Shopify CEO Warns Bill C-22 Could Harm Canada's Tech Sector Amid U.S. Review

Context Bill C-22 proposes new powers for law enforcement to access encrypted communications under certain conditions. Critics argue that creating exceptional access mechanisms weakens overall security and creates exploitable vulnerabilities.

The legislation has sparked concern among technology firms that rely on strong encryption for product integrity and customer trust. Security experts warn that mandated access mechanisms expand the attack surface, making systems more susceptible to exploitation by threat actors.

Key Facts Shopify CEO Tobi Lütke called Bill C-22 a huge mistake that could deal a death blow to Canada's tech sector.

Yanik Guillemette described the bill as a major clash between government surveillance goals and Canada's digital economic reality.

The chairs of the U.S. House Judiciary and Foreign Affairs committees are examining Bill C-22 for its effects on cross-border digital security, data governance, and international business operations.

What It Means If Bill C-22 passes in its current form, Canadian firms may face pressure to weaken encryption or store data in ways accessible to authorities.
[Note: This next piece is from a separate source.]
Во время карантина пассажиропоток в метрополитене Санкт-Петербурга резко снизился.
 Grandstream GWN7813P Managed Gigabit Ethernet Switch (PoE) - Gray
Security teams could need to reassess data residency strategies, evaluate alternative jurisdictions for cloud workloads, and update incident response plans to account for possible compelled disclosure. International partners might view Canada as a less trustworthy hub for AI infrastructure, financial technology, and hyperscale data centers, prompting investment shifts elsewhere.

Organizations should monitor legislative amendments, engage with industry groups advocating for strong encryption, and prepare contingency plans for data relocation or enhanced technical safeguards. To watch next: the outcome of the U.S. committee review and any subsequent Canadian parliamentary votes that could shape the final version of Bill C-22.